The police conducted a search of the basement living room area to make sure there were no hazards and no one else present. During this search, they found a clear container and plastic bag containing methamphetamine in plain view.
Suspect convicted of assault and possession for the purpose of trafficking
On appeal, the accused argued that the drug conviction should be quashed on the basis that the drug evidence was improperly obtained by the police during an unconstitutional search of the basement living room. He submitted that given the high privacy interests that apply to a person’s residence, there must be reasonable grounds to believe that there is an imminent threat to public or police safety before police can conduct a warrantless search of a home.
SCC: Stricter standard required for warrantless searches incident to arrest
The majority of the Supreme Court justices upheld the drug conviction. However, the Court agreed that the common law standard for warrantless searches should be tightened to reflect an accused’s heightened privacy interests in their home.
Baseline standard requires lawful arrest and reasonable incidental search
In its decision, the Court explained that the established common law standard for a search incident to (during) arrest requires the following:
- That the individual searched has been lawfully arrested;
- That the search is truly incidental to the arrest, in the sense that it is for a valid law enforcement purpose connected to the arrest; and
- That the search is conducted reasonably.
However, the Court agreed with the accused that the common law standard for search incident to arrest must be modified to pass constitutional muster under section 8 of the Canadian Charter of Rights and Freedoms.
Enhanced standard considers whether area searched is within accused’s physical control
The Supreme Court decided to create a stricter common law standard for the search of a home incident to arrest. This enhanced standard aims to more effectively balance the demands of law enforcement and a person’s right to privacy in their home.
The Court held that the baseline common law standard continues to apply where the area searched is within the arrested person’s physical control. However, where the area is outside their physical control but is still sufficiently proximate to the arrest, a search of a home incident to arrest for safety purposes will be valid only if:
- Police have reason to suspect that there is a safety risk to the police, the accused, or the public, which would be addressed by a search; and
- The search is conducted in a reasonable manner, tailored to the heightened privacy interests in a home.
Drug conviction upheld, reason to suspect safety risk in basement living room
Given the circumstances present in Stairs, the Court upheld the accused’s drug conviction. The Court determined that police had reason to suspect that there was a safety risk in the basement living room. Further, it was reasonable for the police to alleviate that risk by conducting a quick scan of the room, which was the least intrusive manner of search possible in the circumstances. As a result, the accused’s section 8 rights were not breached, and the drug evidence was properly admitted.

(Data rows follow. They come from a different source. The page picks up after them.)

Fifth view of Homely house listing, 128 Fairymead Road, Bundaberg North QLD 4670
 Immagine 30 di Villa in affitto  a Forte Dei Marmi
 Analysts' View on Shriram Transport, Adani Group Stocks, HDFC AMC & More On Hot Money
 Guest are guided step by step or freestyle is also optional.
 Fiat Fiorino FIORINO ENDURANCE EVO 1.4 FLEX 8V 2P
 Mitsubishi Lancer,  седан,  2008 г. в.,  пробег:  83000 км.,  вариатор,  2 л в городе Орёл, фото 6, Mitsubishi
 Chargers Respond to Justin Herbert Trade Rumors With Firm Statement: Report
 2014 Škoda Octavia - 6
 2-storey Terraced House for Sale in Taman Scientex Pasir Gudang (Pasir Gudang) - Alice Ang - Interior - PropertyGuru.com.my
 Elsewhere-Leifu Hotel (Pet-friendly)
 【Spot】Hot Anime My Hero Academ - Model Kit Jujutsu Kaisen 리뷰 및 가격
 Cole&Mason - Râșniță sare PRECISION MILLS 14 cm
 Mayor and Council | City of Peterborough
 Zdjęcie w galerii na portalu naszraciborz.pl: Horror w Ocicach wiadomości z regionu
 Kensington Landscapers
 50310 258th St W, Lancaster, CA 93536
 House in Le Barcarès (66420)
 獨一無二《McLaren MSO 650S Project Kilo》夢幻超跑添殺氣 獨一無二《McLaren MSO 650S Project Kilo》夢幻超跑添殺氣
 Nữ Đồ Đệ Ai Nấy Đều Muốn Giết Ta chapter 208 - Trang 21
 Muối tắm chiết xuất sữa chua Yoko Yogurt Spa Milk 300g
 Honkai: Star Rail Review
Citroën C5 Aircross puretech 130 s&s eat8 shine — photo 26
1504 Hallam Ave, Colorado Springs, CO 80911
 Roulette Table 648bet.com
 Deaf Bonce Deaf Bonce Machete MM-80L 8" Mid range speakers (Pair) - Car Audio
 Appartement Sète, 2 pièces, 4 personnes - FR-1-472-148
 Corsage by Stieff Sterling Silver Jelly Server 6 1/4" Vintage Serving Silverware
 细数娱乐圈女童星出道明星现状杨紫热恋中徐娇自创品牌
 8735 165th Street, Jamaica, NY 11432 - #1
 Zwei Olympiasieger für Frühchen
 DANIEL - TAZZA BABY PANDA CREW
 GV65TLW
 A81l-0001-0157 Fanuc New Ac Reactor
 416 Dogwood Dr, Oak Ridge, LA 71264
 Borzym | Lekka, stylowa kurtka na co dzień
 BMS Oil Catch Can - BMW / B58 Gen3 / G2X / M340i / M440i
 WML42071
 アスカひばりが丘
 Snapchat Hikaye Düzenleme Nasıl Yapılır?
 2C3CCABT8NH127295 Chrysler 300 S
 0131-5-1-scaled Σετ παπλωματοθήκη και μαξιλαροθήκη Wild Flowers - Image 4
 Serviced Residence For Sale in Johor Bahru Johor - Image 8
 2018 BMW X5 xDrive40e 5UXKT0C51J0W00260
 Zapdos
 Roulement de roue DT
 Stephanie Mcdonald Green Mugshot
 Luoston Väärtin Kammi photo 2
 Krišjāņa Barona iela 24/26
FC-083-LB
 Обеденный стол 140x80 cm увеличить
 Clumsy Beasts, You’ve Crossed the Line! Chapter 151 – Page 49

Dissent: police must reasonably suspect imminent threat to safety to conduct search imminent to arrest
Writing for the three dissenting judges, Justice Karakatsanis agreed that the test for searches incident to arrest in an accused’s home should be modified to better balance an accused’s privacy interests with law enforcement objectives. However, she stated that this balance is best struck by authorizing police to conduct a search incident to arrest only when they reasonably suspect there is an imminent threat to the safety of police or the public.
Dissent disagrees with possession for purpose of trafficking conviction
The dissenting judges disagreed entirely with the outcome reached when applying this heightened standard to the facts present in Stairs.
Justice Karakatsanis took the position that the search and seizure of the basement living room were not justified. The police only searched the basement once the accused had been handcuffed and the victim had gone upstairs. As such, the dissent found no basis for a reasonable suspicion that anyone’s safety was at risk following the arrest. Justice Karakatsanis submitted that the accused’s conviction for possession for the purpose of trafficking should have been set aside, and an acquittal entered instead.